Speaker
Description
Active debris removal is increasingly recognized as a necessary complement to mitigation measures to preserve the long-term sustainability of the Low Earth Orbit (LEO) environment. In this context, the ERASE Phase 0 activity investigates a technically feasible, safe, and cost-effective mission and system concept capable of delivering an active debris removal (ADR) service for large, unprepared, non-cooperative satellites.
The mission concepts developed within ERASE are required to be robust not only for the two reference targets but also scalable to a broader class of similar spacecraft, ensuring compatibility with the evolution of ESA’s debris mitigation standards.
As such, the study focuses on MetOp-A and Sentinel-1B as representative reference cases. These spacecrafts are treated as distinct study cases, each analyzed with respect to geometry, mass properties, residual attitude dynamics, and re-entry constraints, while systematically identifying design commonalities and opportunities for standardization. Both satellites exemplify the class of multi-ton platforms whose mass, geometry, and long orbital lifetimes make them disproportionate contributors to long-term collision risk in protected LEO regions. The study uses these two reference missions as concrete pathfinders for a future recurring European service, ensuring that the resulting concepts are transferable and operationally relevant beyond the specific cases considered.
A dedicated chaser-based mission concept is defined, capable of rendezvous, capture, detumbling, and controlled re-entry of non-cooperative targets. The proposed architecture relies on rigid robotic capture, combining vision-based relative navigation with a compliant capture interface that transitions from soft capture to a rigidized mechanical configuration suitable for controlled deorbiting. Capture strategies are tailored to the structural features of each target, ensuring safety, controllability, and effective load management despite uncertainties in target attitude, geometry, and residual dynamics.
The mission concept is developed with controlled disposal as a primary design driver. Operational phases, from far-range rendezvous and inspection to synchronized flight, capture, stabilization, and controlled re-entry, are defined with explicit consideration of collision risk during proximity operations, passivation, disposal success probability, and re-entry casualty risk. Compliance with Zero Debris performance objectives is addressed at both system and operational levels and fully integrated into the mission design.

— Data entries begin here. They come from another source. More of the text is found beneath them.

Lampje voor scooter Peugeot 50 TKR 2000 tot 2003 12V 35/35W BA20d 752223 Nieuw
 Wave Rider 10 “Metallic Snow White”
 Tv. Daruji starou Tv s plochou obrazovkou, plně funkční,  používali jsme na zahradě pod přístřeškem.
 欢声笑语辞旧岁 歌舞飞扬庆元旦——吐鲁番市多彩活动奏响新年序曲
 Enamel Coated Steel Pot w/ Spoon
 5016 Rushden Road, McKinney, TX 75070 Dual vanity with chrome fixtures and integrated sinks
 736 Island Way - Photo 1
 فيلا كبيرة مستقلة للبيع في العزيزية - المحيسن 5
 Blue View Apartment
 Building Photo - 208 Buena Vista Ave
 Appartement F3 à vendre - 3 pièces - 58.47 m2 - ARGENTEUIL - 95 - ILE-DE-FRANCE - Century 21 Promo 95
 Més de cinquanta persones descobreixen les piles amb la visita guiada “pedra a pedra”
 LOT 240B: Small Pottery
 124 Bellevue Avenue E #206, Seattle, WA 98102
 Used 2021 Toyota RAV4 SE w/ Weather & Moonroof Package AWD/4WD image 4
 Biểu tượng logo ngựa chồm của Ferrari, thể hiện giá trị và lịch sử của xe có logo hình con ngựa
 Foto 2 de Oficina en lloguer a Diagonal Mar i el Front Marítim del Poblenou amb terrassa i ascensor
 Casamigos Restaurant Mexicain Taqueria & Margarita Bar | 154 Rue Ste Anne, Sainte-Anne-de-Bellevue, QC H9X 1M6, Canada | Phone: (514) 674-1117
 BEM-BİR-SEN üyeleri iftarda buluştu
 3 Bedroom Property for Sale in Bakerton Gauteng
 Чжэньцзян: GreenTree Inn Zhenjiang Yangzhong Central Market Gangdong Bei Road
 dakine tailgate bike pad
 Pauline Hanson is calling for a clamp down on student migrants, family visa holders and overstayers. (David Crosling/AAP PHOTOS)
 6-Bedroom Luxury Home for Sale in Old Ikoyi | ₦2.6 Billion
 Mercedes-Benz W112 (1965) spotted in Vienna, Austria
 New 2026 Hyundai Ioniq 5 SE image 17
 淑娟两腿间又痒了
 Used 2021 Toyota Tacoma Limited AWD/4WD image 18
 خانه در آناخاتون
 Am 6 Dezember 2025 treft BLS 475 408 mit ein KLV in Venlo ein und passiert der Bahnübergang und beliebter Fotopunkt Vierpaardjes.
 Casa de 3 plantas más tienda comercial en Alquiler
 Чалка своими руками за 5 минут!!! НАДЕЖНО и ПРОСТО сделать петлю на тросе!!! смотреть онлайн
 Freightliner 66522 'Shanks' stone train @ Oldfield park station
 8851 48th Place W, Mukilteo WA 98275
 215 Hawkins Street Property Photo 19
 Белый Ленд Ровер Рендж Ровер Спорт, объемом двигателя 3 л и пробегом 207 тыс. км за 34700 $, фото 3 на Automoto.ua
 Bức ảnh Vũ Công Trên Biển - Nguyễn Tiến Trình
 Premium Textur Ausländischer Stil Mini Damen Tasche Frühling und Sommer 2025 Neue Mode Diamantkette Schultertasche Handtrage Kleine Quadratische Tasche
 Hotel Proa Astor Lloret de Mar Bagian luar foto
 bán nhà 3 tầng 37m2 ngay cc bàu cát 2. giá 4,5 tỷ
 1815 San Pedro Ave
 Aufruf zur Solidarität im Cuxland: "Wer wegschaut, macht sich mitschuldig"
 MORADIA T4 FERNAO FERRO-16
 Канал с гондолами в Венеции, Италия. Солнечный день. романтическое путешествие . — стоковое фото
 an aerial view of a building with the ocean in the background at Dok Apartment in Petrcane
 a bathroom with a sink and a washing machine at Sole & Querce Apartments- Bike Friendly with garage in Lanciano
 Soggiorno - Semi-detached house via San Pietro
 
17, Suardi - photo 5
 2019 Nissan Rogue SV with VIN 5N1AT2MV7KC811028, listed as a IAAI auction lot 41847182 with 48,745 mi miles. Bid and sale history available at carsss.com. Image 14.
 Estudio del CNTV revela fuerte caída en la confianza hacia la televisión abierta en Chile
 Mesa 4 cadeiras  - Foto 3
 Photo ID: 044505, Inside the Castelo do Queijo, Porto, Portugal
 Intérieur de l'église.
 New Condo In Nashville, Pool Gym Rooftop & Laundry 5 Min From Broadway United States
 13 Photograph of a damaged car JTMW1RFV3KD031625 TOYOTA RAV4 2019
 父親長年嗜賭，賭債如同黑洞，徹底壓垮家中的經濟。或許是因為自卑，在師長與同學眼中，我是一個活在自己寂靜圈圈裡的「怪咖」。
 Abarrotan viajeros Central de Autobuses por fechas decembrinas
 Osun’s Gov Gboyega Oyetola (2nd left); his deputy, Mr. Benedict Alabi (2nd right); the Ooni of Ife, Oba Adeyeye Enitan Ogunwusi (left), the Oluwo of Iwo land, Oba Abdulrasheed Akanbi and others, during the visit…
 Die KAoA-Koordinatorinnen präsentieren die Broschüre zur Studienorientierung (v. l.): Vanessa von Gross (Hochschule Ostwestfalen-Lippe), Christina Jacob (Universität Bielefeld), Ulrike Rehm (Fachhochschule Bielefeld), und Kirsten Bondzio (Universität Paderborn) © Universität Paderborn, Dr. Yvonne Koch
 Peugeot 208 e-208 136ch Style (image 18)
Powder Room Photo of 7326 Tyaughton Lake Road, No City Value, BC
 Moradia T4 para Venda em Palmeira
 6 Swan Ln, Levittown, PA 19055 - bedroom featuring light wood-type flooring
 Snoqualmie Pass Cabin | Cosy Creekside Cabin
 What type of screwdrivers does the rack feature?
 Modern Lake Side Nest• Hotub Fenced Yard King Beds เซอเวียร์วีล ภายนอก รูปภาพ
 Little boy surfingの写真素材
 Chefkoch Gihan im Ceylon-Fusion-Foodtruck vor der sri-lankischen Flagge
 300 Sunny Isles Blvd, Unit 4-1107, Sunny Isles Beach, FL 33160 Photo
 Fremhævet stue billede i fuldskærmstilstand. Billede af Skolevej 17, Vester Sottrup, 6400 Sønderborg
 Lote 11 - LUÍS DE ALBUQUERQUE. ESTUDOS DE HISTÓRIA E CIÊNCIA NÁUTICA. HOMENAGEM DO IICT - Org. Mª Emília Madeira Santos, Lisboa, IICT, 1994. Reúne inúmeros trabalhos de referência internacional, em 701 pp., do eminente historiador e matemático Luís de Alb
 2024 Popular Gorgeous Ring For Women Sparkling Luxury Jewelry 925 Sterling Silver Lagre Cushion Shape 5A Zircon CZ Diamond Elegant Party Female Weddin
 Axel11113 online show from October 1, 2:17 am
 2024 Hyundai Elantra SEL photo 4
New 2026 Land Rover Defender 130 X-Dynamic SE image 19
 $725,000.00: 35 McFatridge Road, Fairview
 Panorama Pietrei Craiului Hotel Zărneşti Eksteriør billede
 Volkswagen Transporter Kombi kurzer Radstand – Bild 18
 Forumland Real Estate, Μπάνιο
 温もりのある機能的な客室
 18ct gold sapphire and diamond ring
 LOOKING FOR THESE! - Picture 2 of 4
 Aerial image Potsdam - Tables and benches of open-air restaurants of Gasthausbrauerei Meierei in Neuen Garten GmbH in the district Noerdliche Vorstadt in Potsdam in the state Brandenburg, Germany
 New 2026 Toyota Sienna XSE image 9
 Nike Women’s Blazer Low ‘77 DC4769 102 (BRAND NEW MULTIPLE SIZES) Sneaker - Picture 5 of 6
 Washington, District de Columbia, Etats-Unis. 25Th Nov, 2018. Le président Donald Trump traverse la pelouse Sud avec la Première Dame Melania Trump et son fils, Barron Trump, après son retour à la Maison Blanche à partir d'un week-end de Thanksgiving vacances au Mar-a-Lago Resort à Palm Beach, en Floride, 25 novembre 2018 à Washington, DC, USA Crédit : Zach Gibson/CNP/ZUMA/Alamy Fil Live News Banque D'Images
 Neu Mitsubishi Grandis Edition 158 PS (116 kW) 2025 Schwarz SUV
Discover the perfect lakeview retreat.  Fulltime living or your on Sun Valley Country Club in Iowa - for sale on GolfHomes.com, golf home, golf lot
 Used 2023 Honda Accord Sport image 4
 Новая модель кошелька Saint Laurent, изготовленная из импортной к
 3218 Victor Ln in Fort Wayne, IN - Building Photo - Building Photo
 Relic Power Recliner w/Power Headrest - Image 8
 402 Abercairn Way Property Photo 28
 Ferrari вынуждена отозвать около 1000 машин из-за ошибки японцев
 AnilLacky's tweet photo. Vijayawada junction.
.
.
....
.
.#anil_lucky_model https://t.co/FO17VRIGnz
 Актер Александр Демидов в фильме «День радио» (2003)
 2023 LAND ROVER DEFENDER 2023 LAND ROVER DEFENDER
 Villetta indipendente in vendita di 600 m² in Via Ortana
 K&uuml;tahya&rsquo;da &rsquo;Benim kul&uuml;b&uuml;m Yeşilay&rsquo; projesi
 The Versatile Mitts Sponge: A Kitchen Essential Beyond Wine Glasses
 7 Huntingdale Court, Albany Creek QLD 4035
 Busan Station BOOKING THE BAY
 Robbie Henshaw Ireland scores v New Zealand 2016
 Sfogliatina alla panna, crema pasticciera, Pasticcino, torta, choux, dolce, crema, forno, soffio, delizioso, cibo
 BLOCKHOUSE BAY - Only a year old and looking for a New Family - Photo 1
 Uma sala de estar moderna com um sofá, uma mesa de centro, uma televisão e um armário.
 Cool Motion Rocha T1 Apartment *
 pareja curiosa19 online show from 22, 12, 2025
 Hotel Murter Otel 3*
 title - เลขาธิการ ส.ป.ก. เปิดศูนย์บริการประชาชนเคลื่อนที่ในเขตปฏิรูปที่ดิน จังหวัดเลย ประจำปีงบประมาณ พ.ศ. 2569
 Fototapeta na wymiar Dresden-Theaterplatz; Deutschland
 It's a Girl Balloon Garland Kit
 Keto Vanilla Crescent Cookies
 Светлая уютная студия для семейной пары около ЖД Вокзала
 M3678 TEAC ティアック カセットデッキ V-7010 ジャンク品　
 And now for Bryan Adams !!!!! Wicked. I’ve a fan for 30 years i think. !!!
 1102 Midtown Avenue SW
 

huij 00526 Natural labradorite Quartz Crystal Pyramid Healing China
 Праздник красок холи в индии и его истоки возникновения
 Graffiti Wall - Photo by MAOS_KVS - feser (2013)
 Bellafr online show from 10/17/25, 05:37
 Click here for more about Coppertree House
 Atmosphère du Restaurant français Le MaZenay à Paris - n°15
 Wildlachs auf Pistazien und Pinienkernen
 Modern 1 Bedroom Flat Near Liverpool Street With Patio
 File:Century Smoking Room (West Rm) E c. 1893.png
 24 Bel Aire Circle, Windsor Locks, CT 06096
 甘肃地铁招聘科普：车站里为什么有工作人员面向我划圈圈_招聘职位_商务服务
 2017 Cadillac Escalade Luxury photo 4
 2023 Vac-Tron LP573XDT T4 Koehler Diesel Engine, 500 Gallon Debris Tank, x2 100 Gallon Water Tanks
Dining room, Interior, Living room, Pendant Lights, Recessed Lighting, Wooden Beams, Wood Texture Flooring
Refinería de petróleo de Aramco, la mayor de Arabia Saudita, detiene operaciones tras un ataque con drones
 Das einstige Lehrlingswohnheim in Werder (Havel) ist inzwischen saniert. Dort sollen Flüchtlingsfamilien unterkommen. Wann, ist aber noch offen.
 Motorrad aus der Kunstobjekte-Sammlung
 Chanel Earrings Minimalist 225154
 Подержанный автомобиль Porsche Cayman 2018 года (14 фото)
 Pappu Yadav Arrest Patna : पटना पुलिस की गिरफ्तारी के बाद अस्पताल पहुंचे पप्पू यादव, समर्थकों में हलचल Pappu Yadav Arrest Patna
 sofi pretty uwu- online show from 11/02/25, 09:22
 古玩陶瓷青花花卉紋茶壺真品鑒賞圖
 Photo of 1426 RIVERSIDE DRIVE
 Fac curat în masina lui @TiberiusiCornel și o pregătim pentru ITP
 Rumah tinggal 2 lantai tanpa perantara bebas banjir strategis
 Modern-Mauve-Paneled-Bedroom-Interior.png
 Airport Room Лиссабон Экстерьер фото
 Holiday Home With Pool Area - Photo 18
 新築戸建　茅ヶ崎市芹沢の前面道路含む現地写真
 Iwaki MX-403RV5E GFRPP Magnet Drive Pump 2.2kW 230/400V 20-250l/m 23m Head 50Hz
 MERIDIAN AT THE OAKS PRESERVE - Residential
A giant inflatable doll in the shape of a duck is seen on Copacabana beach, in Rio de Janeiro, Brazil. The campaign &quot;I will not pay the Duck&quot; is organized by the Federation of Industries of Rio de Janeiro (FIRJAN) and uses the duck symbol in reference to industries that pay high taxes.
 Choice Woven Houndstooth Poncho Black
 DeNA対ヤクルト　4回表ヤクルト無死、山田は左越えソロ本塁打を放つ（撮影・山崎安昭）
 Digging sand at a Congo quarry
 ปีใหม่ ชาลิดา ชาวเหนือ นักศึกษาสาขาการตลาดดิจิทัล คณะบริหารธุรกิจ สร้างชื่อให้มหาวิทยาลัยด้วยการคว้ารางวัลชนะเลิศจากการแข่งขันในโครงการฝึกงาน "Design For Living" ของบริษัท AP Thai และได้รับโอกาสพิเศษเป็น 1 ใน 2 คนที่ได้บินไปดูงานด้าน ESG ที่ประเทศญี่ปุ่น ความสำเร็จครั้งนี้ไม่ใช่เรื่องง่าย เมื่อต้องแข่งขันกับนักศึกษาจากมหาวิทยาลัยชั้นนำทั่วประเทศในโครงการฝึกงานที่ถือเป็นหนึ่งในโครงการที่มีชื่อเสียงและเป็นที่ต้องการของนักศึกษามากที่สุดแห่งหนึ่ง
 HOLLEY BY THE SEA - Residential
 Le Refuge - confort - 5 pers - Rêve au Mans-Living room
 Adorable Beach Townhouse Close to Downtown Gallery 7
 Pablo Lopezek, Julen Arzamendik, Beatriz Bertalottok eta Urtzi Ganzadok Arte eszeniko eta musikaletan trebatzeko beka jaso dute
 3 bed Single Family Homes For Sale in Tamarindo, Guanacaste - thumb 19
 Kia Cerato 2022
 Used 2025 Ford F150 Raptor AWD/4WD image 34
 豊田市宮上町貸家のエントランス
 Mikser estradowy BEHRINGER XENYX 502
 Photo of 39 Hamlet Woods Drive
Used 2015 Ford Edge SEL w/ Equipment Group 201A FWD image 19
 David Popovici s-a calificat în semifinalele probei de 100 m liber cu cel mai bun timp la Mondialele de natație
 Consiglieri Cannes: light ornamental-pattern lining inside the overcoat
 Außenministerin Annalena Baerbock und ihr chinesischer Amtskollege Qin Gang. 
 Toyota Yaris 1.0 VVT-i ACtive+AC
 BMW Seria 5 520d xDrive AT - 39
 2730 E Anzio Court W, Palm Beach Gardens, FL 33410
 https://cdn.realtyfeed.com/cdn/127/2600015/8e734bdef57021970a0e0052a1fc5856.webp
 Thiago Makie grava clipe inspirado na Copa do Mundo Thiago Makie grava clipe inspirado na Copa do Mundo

ERASE Phase 0 establishes a coherent system concept and preliminary technology roadmap for the active removal of large, unprepared LEO satellites, grounded in current European capabilities, and aligned with ESA’s Zero Debris policy objectives. By integrating capture, guidance, and controlled disposal considerations from the outset, the activity provides a structured basis for assessing feasibility, identifying key design drivers, and highlighting the critical technologies and operational challenges associated with removing non-cooperative legacy objects. The outcomes are intended to inform subsequent development phases and support the prioritization and maturation of future active debris removal missions, contributing to the long-term sustainability goals of ESA’s Clean Space initiative.